What you will do: Only the lines from the one with "Mini fitness trampolína" through the end of the material are wanted, copied exactly and with the pictures left out.

Supplied data:

------------------------------------------------------------------------

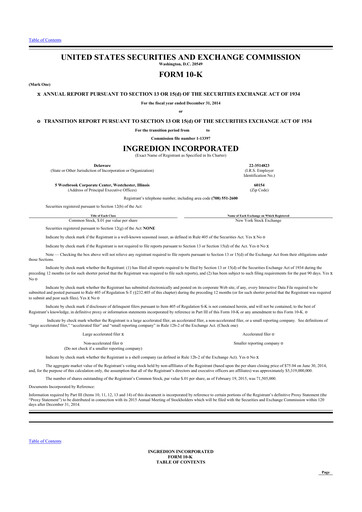 Thumbnail Ingredion 10-K Annual Report 2014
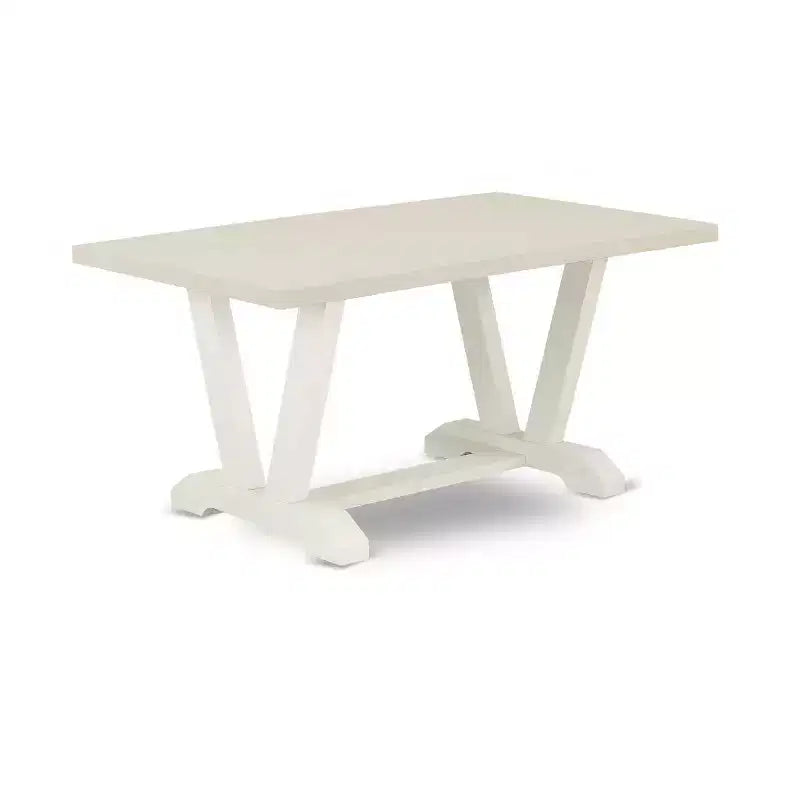 HomeStock Tavolo da pranzo rettangolare a 5 pezzi in rovere naturale con piano in legno massello e 4 sedie Parson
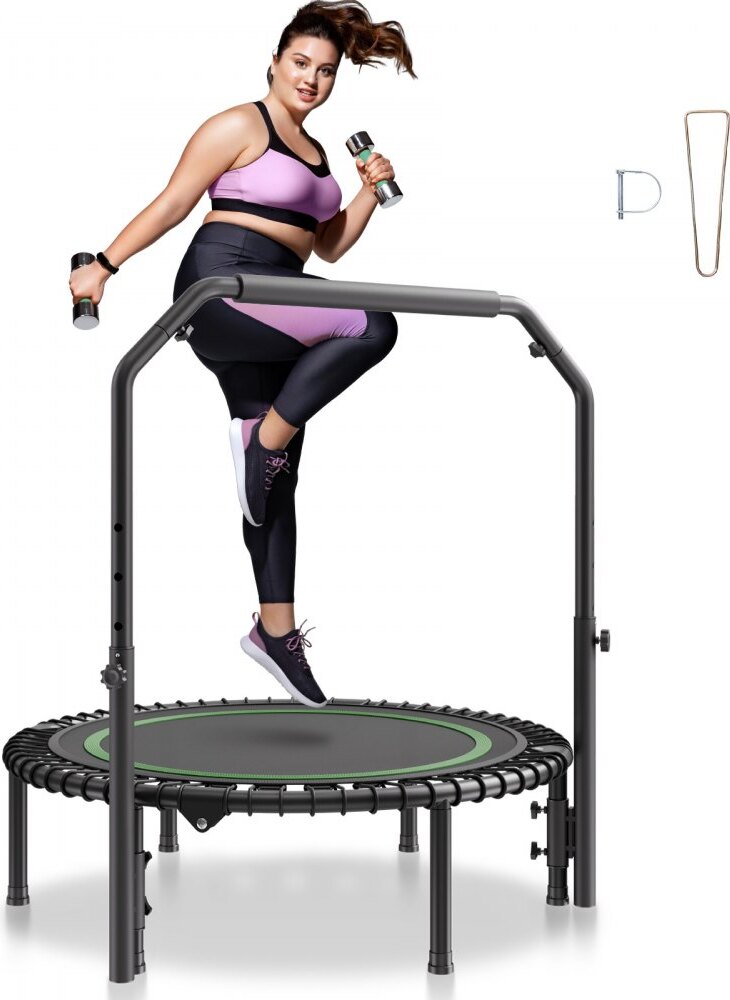 Mini fitness trampolína - tréningová trampolína pre dospelých - priemer 1027 mm - nosnosť do 150 kg - s držadlom - ideálna na domáce cvičenie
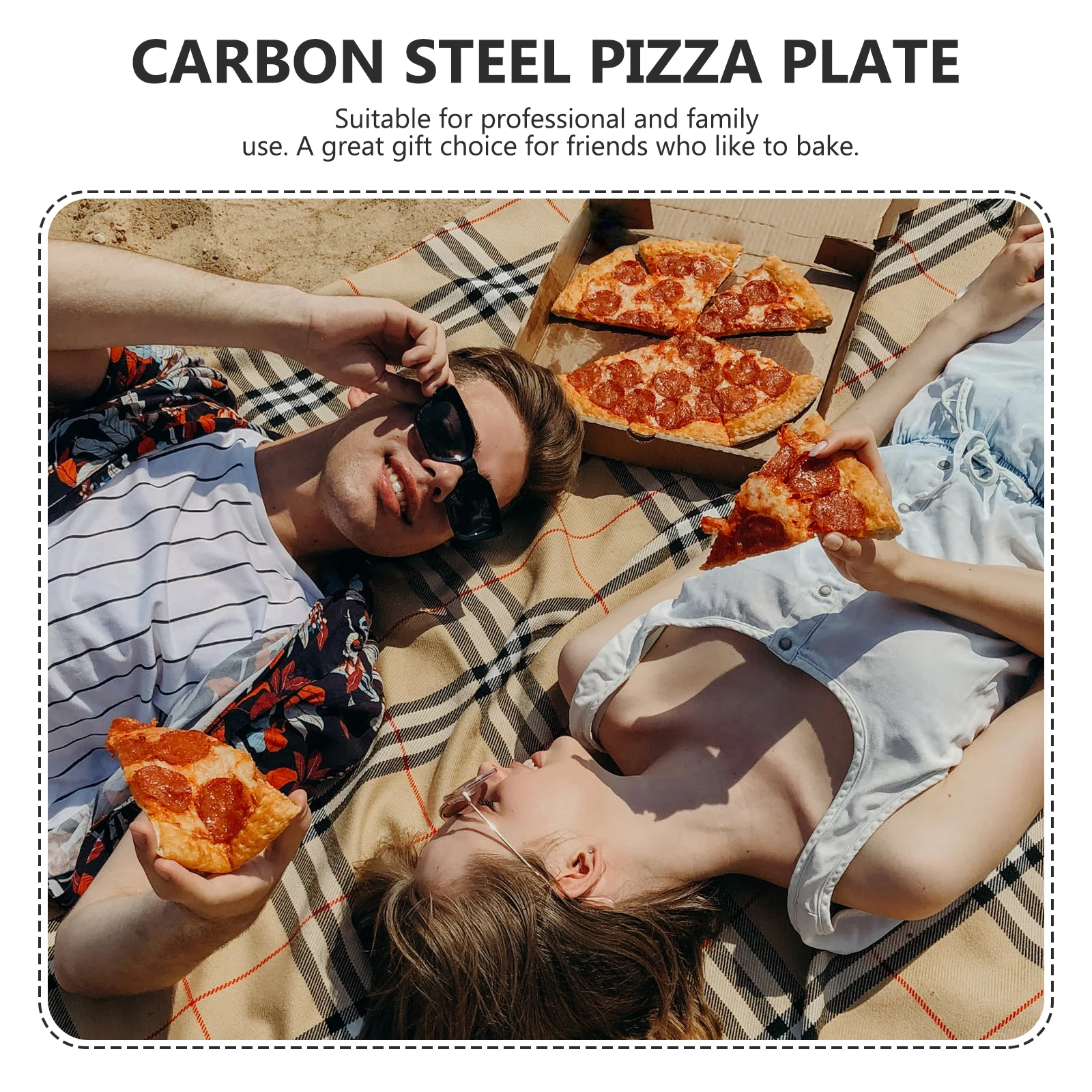

2Pcs Carbon Steel Pizza Tray Nonstick Pizza Baking Pan Oven Kitchen Supply Storage Plate Anti-Stick Baking Tray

------------------------------------------------------------------------

Output for this exercise:
 Mini fitness trampolína - tréningová trampolína pre dospelých - priemer 1027 mm - nosnosť do 150 kg - s držadlom - ideálna na domáce cvičenie

2Pcs Carbon Steel Pizza Tray Nonstick Pizza Baking Pan Oven Kitchen Supply Storage Plate Anti-Stick Baking Tray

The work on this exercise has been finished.